Venezuela: Politische Krise weitet sich aus

Seit fast einem Monat wachsen sich die Unruhen in Venezuela zu einer heftigen Krise aus. Rund um den ersten Todestag von Hugo Chavez entgleitet seinem Nachfolger Nicolas Maduro die Lage zusehends. Die Menschen protestieren gegen die Regierung, das Militär schlägt brutal zurück - und Maduro greift auf kuriose Strategien zurück.

Mittagsjournal, 5.3.2014

Aus Venezuela,

Zu spät für Ablenkung

Fasching statt Straßenschlachten. Venezuelas Präsident Nicolas Maduro scheint die Lösung für die politische Krise im Land gefunden zu haben – und hat kurzerhand die Karnevalsfeiertage verlängert. Das Motto: Hört auf mit den Dummheiten, geht lieber feiern. "Die Freude wird über die Bitterheit siegen.“, sagt Maduro in einer Ansprache, „und die Liebe über den Hass. Wollt ihr euch denn das nehmen lassen? Wollt ihr euch den Karneval nehmen lassen? Nein, niemals!"

Doch für diese Art von Ablenkung ist es längst zu spät. Auf den Straßen von Venezuela eskaliert die Situation. Jeden Tag gehen zehntausende Menschen gegen die Regierung auf die Straße. "Wir brauchen eine Zukunft", sagt die Studentin Vanesa. Alles gehe den Bach runter. Und das müsse sich endlich ändern.

Gewalttätige Proteste

Doch das venezolanische Militär ist nicht zimperlich. Und antwortet mit Prügeln, Gummigeschoßen und Tränengas. Offiziellen Angaben zufolge sind bereits mehr als 18 Menschen ums Leben gekommen, fast 300 sind verletzt. Und der Zorn wächst, auch bei einer Demonstrantin in Caracas: "Die Regierung sagt, sie will einen Dialog, aber das Militär schießt mit Tränengasbomben auf uns. Dieses Land ist in einer ernsten Krise. Wir brauchen dringend Hilfe."
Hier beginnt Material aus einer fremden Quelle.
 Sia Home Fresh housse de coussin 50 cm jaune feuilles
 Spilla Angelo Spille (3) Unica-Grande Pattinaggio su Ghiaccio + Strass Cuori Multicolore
Und das Schlimmste habe noch nicht einmal begonnen, sagt der venezolanische Journalist Vladimir Villegas. "Die Proteste sind schon jetzt gewalttätig, und das liegt auch an den radikalen Oppositionellen. Aber bisher haben sich die Chavistas weitgehend herausgehalten, die loyalsten Anhänger von Chavez und Maduro. Wenn die ausrücken, dann wird es gefährlich, davor haben alle Angst." Denn die Kluft innerhalb der Bevölkerung wächst unaufhörlich. Die mächtigen Chavistas, gestärkt von der Arbeiterklasse stehen einer immer frustrierteren Mittelschicht gegenüber.

Der Präsident muss handeln

Venezuela hat Erdöl und andere Bodenschätze – und trotzdem sind die öffentlichen Kassen leer. Die Wut steigt: auf die Engpässe an Lebensmitteln und Medikamenten, auf die Korruption, die grassierende Kriminalität, die Inflation, die bei 55 Prozent liegt.

"Noch hat Maduro Rückhalt unter den ärmeren Bevölkerungsschichten", sagt Villegas. "Aber auch die wird er ohne Reformen bald verlieren." Der Präsident müsse etwas gegen die Hyperinflation tun, gegen den Währungsverfall. Wenn er das nicht bald tue, werde er Probleme haben.

Halbherzige Friedenskommission

Nicolas Maduro scheint überfordert. Und zeigt sich jeden Tag mit einem anderen Gesicht. Mal spielt er eiskalten Kriegsführer, poltert laut gegen seine Gegner, schimpft sie Faschisten, und lässt hunderte Oppositionelle verhaften. Dann wiederum beschwört er den Frieden und den Dialog, betet für Toleranz – und setzt vergangene Woche halbherzig eine Friedenskommission ein.

Denn Maduro wisse, dass es um seine politische Existenz geht, sagt Peter Hakim vom Institut für Inter-Amerikanischen Dialog in Washington D.C.: "Maduro muss sich nicht nur um die Opposition sorgen. Er muss vielmehr auf seine Feinde in den eigenen Reihen aufpassen. Es gibt einige mächtige Chavistas, die ihn weghaben wollen." Eines sei jedenfalls klar, sagt Lateinamerikaexperte Hakim: Sollte er diese Krise nicht lösen können, werde Nicolas Maduro nicht mehr lange Präsident sein.